Other Stashbusters I use colors that go well together. right now I am doing a green, brown, beige stashbuster with orange and red and olive green thin stripes. It is going to be quite pretty . I will post a picture of the back or front (not sure what it is yet, here.

There is no limit to the number of different sweaters.

I have even mixed sport weight and worsted weight and that can be done if the light yarn is used in a stretchy pattern. I wouldn't recommend it for this one BUT it does work on rare occasions.

So decide what you are going to do and get your yarn and needles ready. If you have done a worsted swatch with size 5mm (US8) you can use the same stitches per inch. the stastbuster doesn't need an exact stitch count as we are doing narrow strips sideways with different yarns and different patterns. I will post some tomorrow.

I know some of you are going to do a tunic like the one pictures below -it won't be different except you will make the sideways knit strips longer.


----------



## Designer1234 (Aug 9, 2011)

Designer1234 said:


> I am so pleased with all the lovely sweaters. We will start a second one in the same workshop (so that you can read the instructions and the questions and answers again.
> 
> We will work on sideways knit (hopefully you will do a stashbuster, and if someone really wants I will help them make a top down. If they want to do a top down they will have to have a pattern available for the neck cast on..
> 
> ...


----------



## DaylilyDawn (Jul 23, 2011)

Shirley,
I am still working on my sweater, I had to start over due to having the wrong gauge with the larger needle I went up to after my ribbing was finished. So I started over with the front. I will recycle the yarn to use for the back.


----------



## Designer1234 (Aug 9, 2011)

Ladies: I posted the post with the pictures below on the wrong topic. I meant it to go into the workshop. As it might be of interest to some of you, rather than have admin remove it - I will repost it in the workshop as well. Sorry for the mistake. It is easy to do when two topics are open about the same subject. 

I feel a bit foolish but I hope you will either ignore it or find it interesting. We are going to do another sweater in the Workshop starting on Monday, and that is what the post was about. Designer, (Shirley).


----------



## run4fittness (May 22, 2011)

Designer1234 said:


> Ladies: I posted the post with the pictures below on the wrong topic. I meant it to go into the workshop. As it might be of interest to some of you, rather than have admin remove it - I will repost it in the workshop as well. Sorry for the mistake. It is easy to do when two topics are open about the same subject.
> 
> I feel a bit foolish but I hope you will either ignore it or find it interesting. We are going to do another sweater in the Workshop starting on Monday, and that is what the post was about. Designer, (Shirley).

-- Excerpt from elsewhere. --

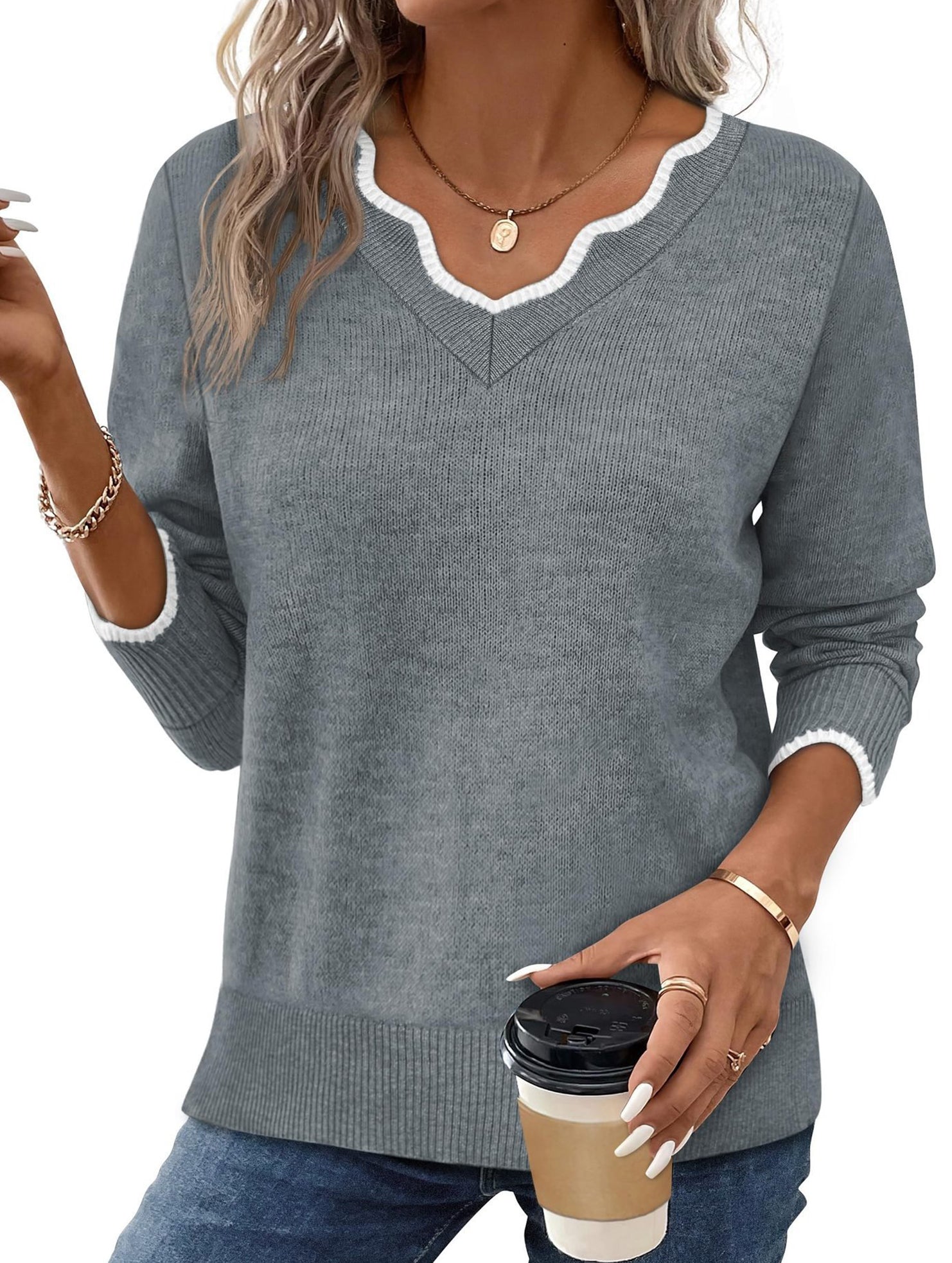 Solid color base layer knit sweater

Don't worry about it! Just call it a pre-senior moment!


----------



## Jomoyach (Feb 19, 2012)

Arlenecc, love your sweater. beautiful colors.

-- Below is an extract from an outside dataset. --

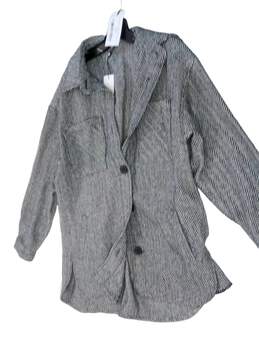NWT Womens Chevron Gray Long Sleeve Two Button Blazer Size Small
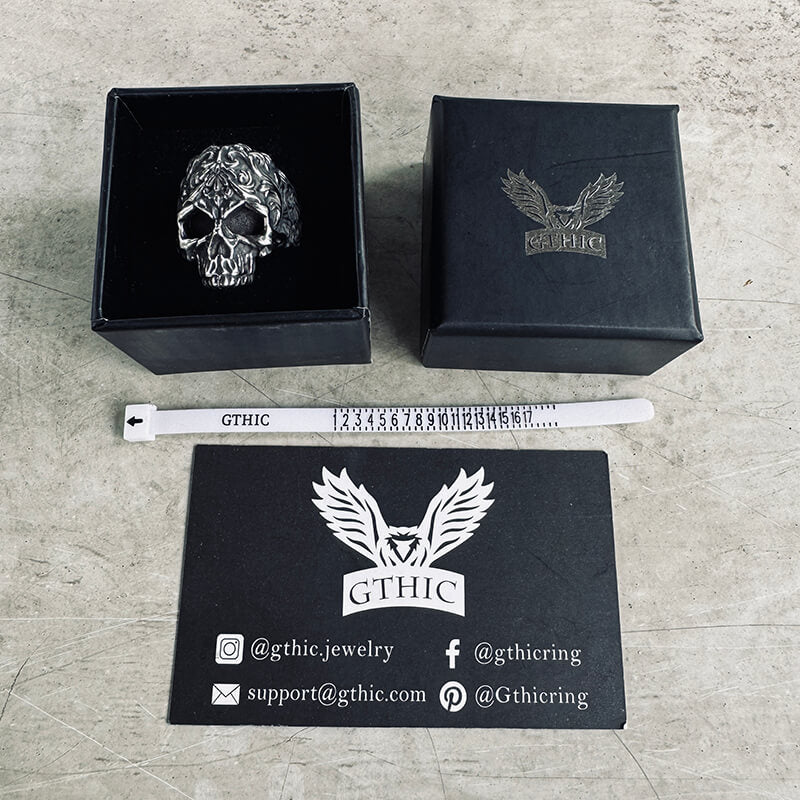 12499-floral-pattern-skull-head-stainless-steel-ring-7.jpg Floral Pattern Skull Head Stainless Steel Ring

I'm still working on the yoke of the back. I decided to do seed stitch for the yoke, boy is it taking me a long time. So I still have a ways to go, ( front yoke, bottom and sleeve borders) but I'm so impressed with everyone's tops. Thanks for the inspiration and motivation to keep going.


----------



## arlenecc (Jul 27, 2012)

Jomoyach said:


> Arlenecc, love your sweater. beautiful colors.
> 
> I'm still working on the yoke of the back. I decided to do seed stitch for the yoke, boy is it taking me a long time. So I still have a ways to go, ( front yoke, bottom and sleeve borders) but I'm so impressed with everyone's tops. Thanks for the inspiration and motivation to keep going.


Don't worry about how long it takes. We all have lives to live between our knitting! :mrgreen:


----------



## Jacklou (Apr 8, 2011)

Thanks for the workshop Shirley. Enjoyed it. Here is my sweater, finally finished.

Can't get the picture to open.

/Users/Ken/Desktop/P1060158.JPG


----------



## Jacklou (Apr 8, 2011)

Maybe it will work this time.

/Users/Ken/Desktop/P1060158.JPG


----------



## mildredL2 (May 14, 2014)

Lovely sweater, Jacklou!


----------



## ouijian (Apr 21, 2011)

Jacklou said:


> Maybe it will work this time.
> 
> /Users/Ken/Desktop/P1060158.JPG


Lovely colors. You look fantastic in your creation. You must be proud!!!


----------



## KnitnNat (Nov 17, 2012)

Jacklou, That is a very pretty sweater. Just in time for spring ,enjoy.


----------



## arlenecc (Jul 27, 2012)

Great sweater


----------



## run4fittness (May 22, 2011)

Jacklou said:


> Maybe it will work this time.


That is lovely!


----------



## Designer1234 (Aug 9, 2011)

Jacklou said:


> Maybe it will work this time.
> 
> /Users/Ken/Desktop/P1060158.JPG


I love it! you sure do look great in blue. It is so pretty. I hope you get lots of wear out of it.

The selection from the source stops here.